In November, I started a knitting club on Mondays after school. Vero had been asking me since my first year at KLA, but I couldn’t bring myself to add something else to my to do list. At the time, my commute was also a lot farther.
But this year, it felt like the right time. We set it up so that classes would begin in November and sent out the class details on a cute Canva flyer. I squealed as she told me 5 of my students had signed up.
The first class was a doozy.
“I don’t know if this is going to go so well,” I told Patrick that night.
I had found all of these beginner how-to videos on YouTube that I thought were pretty easy. I knew to start with the basics: slip knot, cast on, knit stitch. I taught them the vocabulary they would need. I was ready to help them with the cast on like my mom did when I was first starting out, and even pivoted mid-class to show them an easier type of cast on.
“But they struggled to even make a slip knot!”
Luckily, the girls practiced that week at home, and by the second class, a few had mastered each of the new skills, and were helping the others to figure it out. Each week I watched their skills grow, the pride they took in their projects.

We’re in the fifth month of class, and now we have 8 knitting club members: 7 fifth graders and one of their sisters, who is in third.

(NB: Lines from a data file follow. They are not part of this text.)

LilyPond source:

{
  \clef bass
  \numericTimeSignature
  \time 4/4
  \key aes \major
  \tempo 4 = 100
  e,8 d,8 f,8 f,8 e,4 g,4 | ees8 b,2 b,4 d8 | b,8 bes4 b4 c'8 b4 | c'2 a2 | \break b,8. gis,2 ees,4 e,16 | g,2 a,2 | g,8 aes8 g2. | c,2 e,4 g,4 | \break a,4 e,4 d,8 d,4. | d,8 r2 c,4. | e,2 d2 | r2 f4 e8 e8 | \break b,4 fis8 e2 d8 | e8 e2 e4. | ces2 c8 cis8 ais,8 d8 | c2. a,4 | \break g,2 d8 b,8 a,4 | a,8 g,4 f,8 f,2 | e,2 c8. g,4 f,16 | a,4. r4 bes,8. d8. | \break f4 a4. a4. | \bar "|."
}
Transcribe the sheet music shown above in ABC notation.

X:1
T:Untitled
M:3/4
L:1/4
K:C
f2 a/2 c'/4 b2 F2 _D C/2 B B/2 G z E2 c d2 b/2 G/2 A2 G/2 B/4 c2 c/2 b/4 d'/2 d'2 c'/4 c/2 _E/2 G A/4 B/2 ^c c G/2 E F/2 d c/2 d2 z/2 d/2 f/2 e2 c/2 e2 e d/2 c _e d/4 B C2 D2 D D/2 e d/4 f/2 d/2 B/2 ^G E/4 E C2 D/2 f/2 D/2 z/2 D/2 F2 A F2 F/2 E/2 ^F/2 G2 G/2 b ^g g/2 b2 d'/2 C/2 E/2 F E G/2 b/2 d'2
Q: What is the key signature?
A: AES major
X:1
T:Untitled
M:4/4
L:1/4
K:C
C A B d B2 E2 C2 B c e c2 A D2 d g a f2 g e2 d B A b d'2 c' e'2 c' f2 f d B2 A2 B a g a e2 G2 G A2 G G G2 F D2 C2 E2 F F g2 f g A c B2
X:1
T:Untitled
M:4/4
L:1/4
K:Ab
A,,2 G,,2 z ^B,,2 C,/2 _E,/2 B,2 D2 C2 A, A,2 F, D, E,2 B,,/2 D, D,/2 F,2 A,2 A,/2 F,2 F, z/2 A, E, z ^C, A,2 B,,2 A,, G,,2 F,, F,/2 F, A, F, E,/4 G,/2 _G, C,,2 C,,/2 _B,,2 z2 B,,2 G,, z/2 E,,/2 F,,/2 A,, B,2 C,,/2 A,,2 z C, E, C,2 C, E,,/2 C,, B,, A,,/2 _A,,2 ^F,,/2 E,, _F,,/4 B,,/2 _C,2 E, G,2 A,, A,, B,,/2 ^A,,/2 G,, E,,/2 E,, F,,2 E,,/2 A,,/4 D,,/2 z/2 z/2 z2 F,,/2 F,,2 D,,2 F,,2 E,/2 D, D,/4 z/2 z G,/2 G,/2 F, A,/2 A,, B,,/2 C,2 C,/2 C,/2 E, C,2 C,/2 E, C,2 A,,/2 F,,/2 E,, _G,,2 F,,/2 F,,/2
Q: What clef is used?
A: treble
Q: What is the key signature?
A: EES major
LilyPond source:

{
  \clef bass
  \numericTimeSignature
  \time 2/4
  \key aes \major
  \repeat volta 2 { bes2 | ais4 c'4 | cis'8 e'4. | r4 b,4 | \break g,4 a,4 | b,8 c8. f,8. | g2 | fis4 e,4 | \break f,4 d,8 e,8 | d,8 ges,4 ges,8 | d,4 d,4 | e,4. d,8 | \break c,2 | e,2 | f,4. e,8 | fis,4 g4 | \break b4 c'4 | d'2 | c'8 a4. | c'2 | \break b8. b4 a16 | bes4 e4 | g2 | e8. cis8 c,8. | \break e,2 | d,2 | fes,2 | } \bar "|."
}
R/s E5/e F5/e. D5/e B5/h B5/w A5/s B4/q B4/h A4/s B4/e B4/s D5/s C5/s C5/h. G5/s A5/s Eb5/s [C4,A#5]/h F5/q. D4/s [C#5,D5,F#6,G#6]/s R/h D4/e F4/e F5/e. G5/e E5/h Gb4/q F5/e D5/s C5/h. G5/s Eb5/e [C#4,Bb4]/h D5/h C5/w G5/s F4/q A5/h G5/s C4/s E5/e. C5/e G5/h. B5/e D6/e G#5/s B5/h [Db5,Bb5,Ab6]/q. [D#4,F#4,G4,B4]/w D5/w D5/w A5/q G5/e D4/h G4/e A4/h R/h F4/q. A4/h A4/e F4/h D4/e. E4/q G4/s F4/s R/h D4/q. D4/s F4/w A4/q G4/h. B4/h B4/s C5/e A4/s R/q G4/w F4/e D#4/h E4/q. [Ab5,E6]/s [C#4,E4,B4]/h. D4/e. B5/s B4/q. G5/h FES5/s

It’s a funny dynamic each week.
“I don’t feel like knitting today,” E stated on our way to the classroom this past Monday.
So she and other E decided to have a dance/karaoke party to music from Descendants.
Three others sat at my table knitting along with me as I worked on my Eva cardigan by PetiteKnit. The rest sat at a different table, whispering about something as they knit up their squares, headbands, and scarves.
“It’s like a bunch of old ladies getting together and knitting,” I’ve described it to others. “Half of them don’t even want to learn new stitches anymore. They just want to knit and gossip.”
“What happens in knitting club stays in knitting club,” A mentioned one time. She cracks me up.
This month, we’re working on a journalism unit in writer’s workshop and creating a KLA News Magazine. One of my students is writing about the knitting club and interviewed me to get perspective for her article.
“Have you ever considered making a YouTube channel that teaches kids how to knit?” She asked me towards the end of the interview.
“I haven’t,” I replied, a smile coming to my lips as I remembered those first videos that confused the heck out of them. “But I am now!”